Alle großen Wirtschaftsprüfungsgesellschaften (WPG) bieten ihren Mandant*innen neben dem Kerngeschäft auch Strategie- und Transaktionsberatungen an. Für die Unternehmen kann sich die Kombination von Audit und Beratung auszahlen, lassen sich so doch bedeutende Synergien erzielen. Bei der Zusammenarbeit müssen aber auch Grenzen beachtet werden.

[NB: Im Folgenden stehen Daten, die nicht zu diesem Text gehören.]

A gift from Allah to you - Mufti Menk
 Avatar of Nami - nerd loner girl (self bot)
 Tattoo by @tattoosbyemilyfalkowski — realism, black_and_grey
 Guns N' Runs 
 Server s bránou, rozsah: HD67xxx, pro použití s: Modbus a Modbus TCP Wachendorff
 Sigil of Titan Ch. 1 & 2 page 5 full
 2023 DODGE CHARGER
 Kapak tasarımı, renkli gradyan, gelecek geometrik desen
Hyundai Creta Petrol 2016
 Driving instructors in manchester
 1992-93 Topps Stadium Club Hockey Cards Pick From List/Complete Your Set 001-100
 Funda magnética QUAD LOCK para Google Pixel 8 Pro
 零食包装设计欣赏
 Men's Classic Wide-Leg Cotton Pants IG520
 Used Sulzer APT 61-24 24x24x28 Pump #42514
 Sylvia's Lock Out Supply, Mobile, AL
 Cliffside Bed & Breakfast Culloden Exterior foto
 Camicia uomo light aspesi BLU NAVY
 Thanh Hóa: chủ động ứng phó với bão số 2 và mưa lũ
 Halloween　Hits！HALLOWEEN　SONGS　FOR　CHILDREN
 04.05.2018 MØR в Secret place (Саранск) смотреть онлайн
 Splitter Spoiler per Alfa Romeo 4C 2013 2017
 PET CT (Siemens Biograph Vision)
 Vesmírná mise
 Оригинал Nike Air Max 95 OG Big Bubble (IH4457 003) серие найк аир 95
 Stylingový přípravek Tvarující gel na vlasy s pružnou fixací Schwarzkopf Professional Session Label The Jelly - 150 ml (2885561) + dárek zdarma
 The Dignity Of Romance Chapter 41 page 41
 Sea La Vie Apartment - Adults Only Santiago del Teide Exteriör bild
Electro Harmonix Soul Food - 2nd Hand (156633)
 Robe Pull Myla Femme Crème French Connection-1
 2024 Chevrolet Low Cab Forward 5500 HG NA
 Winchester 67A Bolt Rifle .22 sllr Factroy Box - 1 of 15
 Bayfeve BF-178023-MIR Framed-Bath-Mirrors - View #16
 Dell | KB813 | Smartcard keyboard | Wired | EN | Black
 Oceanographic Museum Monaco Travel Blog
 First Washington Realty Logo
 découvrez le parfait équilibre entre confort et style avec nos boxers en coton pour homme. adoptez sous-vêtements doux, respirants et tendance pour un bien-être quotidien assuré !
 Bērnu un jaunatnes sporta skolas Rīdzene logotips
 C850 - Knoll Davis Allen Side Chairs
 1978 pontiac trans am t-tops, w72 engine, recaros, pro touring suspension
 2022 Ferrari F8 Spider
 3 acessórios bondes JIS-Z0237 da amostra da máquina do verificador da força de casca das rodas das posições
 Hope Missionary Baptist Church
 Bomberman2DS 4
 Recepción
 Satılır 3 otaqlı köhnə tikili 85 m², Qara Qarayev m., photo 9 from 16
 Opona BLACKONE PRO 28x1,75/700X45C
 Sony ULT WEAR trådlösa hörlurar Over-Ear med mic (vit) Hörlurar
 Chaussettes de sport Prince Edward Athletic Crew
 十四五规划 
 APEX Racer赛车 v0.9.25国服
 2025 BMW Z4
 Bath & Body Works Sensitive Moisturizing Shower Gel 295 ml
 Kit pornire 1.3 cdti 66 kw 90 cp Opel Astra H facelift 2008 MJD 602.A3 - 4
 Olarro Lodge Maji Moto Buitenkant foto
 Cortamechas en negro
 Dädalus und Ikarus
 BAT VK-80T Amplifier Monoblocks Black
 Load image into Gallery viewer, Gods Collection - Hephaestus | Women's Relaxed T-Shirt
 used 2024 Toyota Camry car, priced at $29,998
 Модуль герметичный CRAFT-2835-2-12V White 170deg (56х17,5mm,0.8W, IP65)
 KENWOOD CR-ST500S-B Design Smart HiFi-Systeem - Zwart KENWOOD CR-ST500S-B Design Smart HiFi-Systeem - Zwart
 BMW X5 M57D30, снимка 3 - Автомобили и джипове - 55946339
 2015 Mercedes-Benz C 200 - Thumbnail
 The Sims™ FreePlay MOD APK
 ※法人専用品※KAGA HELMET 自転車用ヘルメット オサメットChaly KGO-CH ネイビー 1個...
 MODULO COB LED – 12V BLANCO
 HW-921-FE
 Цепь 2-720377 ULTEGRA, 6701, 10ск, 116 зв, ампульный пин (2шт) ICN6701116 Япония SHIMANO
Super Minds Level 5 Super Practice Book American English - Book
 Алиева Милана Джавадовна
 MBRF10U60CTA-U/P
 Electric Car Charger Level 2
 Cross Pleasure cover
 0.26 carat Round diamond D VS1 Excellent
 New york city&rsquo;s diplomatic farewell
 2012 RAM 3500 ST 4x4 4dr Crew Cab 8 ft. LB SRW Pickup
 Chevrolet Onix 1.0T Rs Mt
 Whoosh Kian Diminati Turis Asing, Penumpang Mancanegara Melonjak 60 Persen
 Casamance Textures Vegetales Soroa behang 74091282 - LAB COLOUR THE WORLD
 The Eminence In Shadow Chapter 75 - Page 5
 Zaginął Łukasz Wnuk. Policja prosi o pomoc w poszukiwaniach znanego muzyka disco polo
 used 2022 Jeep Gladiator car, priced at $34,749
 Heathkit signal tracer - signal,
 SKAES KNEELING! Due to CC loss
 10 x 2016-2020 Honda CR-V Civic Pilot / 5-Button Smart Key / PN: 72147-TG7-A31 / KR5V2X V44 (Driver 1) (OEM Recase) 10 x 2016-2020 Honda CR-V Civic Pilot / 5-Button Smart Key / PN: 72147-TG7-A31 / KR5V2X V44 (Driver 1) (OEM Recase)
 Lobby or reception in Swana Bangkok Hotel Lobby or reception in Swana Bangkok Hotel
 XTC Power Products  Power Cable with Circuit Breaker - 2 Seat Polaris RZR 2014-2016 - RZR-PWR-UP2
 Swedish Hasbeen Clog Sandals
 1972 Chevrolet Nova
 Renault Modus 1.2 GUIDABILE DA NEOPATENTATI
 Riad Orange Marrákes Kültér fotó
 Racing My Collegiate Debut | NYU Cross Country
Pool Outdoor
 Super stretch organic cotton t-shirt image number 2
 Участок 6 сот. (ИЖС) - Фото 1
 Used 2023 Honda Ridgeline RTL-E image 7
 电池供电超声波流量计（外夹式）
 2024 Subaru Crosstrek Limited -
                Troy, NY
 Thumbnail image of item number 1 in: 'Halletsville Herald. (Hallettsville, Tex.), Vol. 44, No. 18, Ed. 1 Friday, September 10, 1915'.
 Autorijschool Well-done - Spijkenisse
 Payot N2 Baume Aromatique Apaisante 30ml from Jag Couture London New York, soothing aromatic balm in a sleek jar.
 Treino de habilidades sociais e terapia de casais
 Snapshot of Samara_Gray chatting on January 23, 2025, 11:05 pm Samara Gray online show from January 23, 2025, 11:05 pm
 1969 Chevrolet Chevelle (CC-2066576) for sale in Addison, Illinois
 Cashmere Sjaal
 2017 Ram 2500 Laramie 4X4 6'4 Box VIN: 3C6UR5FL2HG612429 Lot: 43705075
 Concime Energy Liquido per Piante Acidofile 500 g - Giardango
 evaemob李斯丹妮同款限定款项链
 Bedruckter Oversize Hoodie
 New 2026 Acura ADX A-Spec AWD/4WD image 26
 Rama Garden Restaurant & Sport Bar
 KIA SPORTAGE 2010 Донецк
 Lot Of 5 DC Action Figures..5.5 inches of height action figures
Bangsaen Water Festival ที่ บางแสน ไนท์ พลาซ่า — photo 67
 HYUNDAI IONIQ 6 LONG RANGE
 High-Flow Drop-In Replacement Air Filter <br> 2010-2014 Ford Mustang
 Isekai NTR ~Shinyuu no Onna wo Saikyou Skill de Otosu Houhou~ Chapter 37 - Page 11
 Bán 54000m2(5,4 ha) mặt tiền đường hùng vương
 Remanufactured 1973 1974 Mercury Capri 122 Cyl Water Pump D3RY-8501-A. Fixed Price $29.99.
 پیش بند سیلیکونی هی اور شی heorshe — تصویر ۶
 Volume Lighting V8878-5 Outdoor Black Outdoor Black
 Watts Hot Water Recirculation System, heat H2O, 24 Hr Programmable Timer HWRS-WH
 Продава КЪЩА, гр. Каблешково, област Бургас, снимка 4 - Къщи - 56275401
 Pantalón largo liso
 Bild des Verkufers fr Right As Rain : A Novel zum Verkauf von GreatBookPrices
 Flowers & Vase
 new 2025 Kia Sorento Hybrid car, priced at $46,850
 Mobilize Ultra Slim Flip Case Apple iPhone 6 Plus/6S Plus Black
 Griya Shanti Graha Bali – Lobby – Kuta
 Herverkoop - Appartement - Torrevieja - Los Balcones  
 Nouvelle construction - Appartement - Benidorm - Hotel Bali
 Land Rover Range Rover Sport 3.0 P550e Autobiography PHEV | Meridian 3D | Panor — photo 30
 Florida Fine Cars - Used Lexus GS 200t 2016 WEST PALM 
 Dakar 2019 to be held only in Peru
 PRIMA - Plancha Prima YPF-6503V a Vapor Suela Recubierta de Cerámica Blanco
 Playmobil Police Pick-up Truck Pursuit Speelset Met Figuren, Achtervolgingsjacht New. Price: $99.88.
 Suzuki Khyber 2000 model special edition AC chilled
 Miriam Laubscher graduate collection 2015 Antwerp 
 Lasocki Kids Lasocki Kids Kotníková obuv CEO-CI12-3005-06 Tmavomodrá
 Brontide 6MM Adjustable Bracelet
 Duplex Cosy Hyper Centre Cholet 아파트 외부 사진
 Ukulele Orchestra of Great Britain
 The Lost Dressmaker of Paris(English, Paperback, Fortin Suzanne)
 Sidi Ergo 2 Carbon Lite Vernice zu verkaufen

Dass immer mehr Unternehmen die Synergien erkennen, die sich durch eine Beratung von Wirtschaftsprüfer*innen realisieren lassen, spiegelt sich nicht zuletzt in den Umsätzen der WPG wider. So liegt der Umsatzanteil vieler großer WPG im Bereich „Advisory“ bereits über dem, der auf das Kerngeschäft des „Audit“ entfällt. Doch warum lassen sich mehr und mehr Unternehmen von Wirtschaftsprüfer*innen bei der Strategie- und Transaktionsberatung unterstützen? Und in welchen Phasen der Beratung ist der Einsatz von WPG-Berater*innen besonders hilfreich?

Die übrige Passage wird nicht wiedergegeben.